_The task:_ Once the line containing "Semrawut, SOTR Kibarkan" is reached, copy it and every line after it exactly, to the end of the material, without pictures.
^^^^^^^^^^^^^^^^
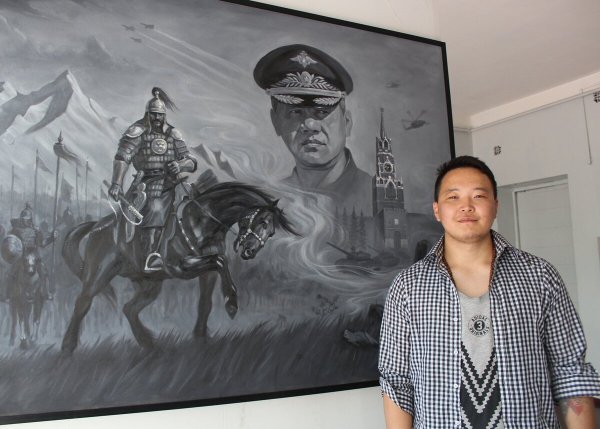 "Сергей Шойгу и полководец Чингисхана Субэдэй"
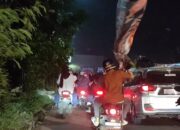 Semrawut, SOTR Kibarkan Bendera di Jalan Sultan Agung Bekasi Berdampak Macet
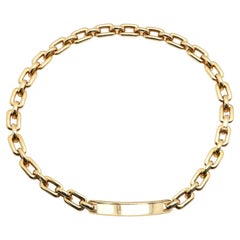 Ralph Lauren Chunky Chain Necklace 18k ID Bar
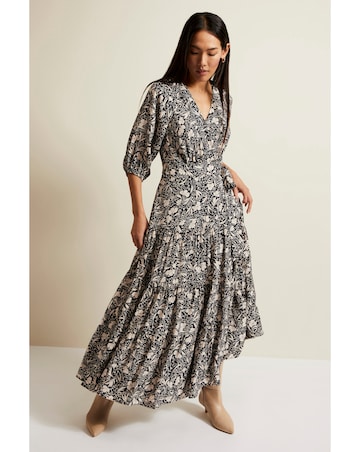 Phase Eight Kezia Floral Wrap Midi Dress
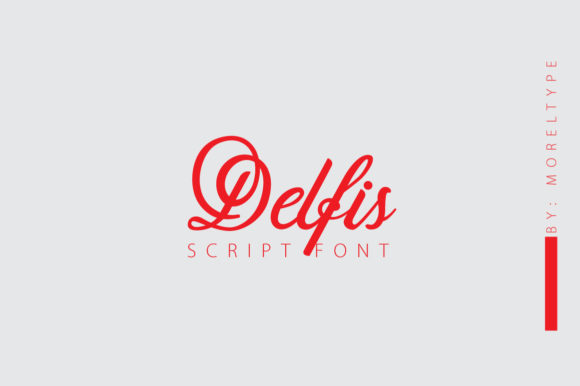 Delfis: A Flowing Handwritten Script Font
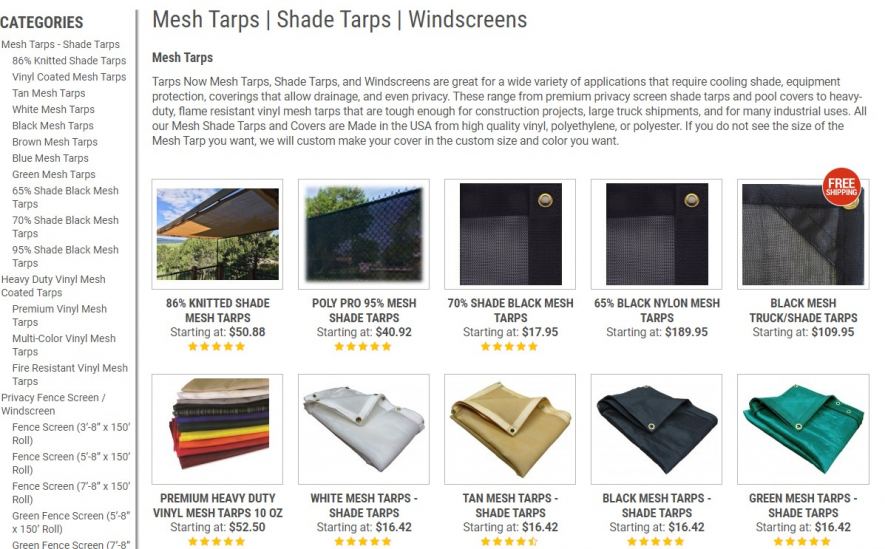 Tarps Now® Continues Expansion of Stock and Custom Tarp Fabrication Services Tarps Now, Inc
^^^^^^^^^^^^^^^^
_Solution:_
 Semrawut, SOTR Kibarkan Bendera di Jalan Sultan Agung Bekasi Berdampak Macet
 Ralph Lauren Chunky Chain Necklace 18k ID Bar
 Phase Eight Kezia Floral Wrap Midi Dress
 Delfis: A Flowing Handwritten Script Font
 Tarps Now® Continues Expansion of Stock and Custom Tarp Fabrication Services Tarps Now, Inc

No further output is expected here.